トケラウ(Tokeleu)という島をご存じだろうか。南太平洋に浮かぶニュージーランド領の島で、面積はたったの10平方キロメートル、人口は約1,300人である。実はこの島の名前を取ったドメイン、.tkは世界的に有名なのだ。
Dot TK
よく無人島を使ったテレビ番組のロケでは背景として使われるトケラウ。そこに行こうと思うと、アメリカ領サモアから西サモアまで小型飛行機で飛び、そこで2週間ボートが来るのを待つ。それからボートで48時間かけてトケラウの近くまで運んでもらうが、さらにそこからトケラウまではカヌーで行かなければならない。
そこまでしなければ行けないトケラウだが、そのドメイン.tkの使用頻度は、ドイツ(.de)、英国(.uk)に次いで、世界で3番目なのだ。ドメイン数は900万を超えている。
こうなったのは、オランダ人、Joost Zuurbier氏のお蔭だ。Zuurbier氏は、2000年頃、フリードメインの発想を得て、2001年にトケラウの名を取って.tkを作ろうと思い立った。しかし、道は困難を極めたのだ。
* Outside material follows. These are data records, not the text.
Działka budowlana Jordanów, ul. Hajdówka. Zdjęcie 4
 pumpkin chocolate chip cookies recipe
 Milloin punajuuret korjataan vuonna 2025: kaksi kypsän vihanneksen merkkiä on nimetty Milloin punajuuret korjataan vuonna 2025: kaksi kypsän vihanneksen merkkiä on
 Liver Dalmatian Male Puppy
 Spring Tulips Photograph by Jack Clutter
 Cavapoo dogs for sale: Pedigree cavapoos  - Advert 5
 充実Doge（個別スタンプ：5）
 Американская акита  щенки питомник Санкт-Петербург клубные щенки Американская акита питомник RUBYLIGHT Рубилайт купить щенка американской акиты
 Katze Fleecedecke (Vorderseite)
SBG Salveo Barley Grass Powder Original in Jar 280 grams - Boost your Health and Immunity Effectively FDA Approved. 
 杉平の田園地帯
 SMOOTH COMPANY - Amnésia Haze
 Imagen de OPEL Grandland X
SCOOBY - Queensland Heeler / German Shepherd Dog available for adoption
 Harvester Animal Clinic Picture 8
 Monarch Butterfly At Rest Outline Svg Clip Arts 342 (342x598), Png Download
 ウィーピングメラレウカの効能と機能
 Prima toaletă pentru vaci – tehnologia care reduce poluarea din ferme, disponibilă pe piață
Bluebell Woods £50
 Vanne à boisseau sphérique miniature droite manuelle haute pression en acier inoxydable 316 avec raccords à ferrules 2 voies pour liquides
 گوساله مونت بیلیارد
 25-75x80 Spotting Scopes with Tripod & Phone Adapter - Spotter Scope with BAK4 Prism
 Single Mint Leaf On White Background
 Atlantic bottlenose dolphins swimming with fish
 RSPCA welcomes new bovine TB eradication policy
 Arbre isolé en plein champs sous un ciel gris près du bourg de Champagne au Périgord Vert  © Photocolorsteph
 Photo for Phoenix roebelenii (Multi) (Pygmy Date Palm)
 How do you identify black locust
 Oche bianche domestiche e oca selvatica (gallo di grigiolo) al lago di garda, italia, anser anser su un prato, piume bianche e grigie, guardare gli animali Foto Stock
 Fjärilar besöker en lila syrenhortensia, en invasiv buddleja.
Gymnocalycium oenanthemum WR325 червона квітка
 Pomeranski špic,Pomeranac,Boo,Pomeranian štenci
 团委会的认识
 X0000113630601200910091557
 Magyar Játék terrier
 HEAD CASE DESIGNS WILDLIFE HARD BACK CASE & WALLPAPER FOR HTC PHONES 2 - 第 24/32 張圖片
なぜなら、いくらドメインの話をしても、トケラウの人々は、ウェブサイトなど、見たことが無かったからだ。また、インターネットのIPアドレスやドメイン名を管理する非営利団体ICANNが、トケラウが実在するのかどうか疑ったのである。
双方を何とか説得したZuurbier氏は、2週間かけて衛星装置を携えてトケラウに向かった。荒波の中、装置を濡らさないようにするのは至難の業だったに違いない。そして、2006年にようやくフリードメイン.tkが始まった。こうして現在に至る.tkだが、最近の人気にはすさまじいものがある。毎月100万ずつドメインが増えているそうだ。
.tkは、GDP最下位のトケラウに、ドメイン収入をもたらしただけでなく、コミュニケーション手段をもたらしたのだ。今やそこには、4本の電話線と120台のコンピュータがある。
地図を見てもほとんどどこにあるか分からない小さな島、トケラウ。そこにこんな大きなビッグチャンスがあったとは驚きである。人が目をつけない所に目をつける。それが、ベンチャー企業の真骨頂かもしれない。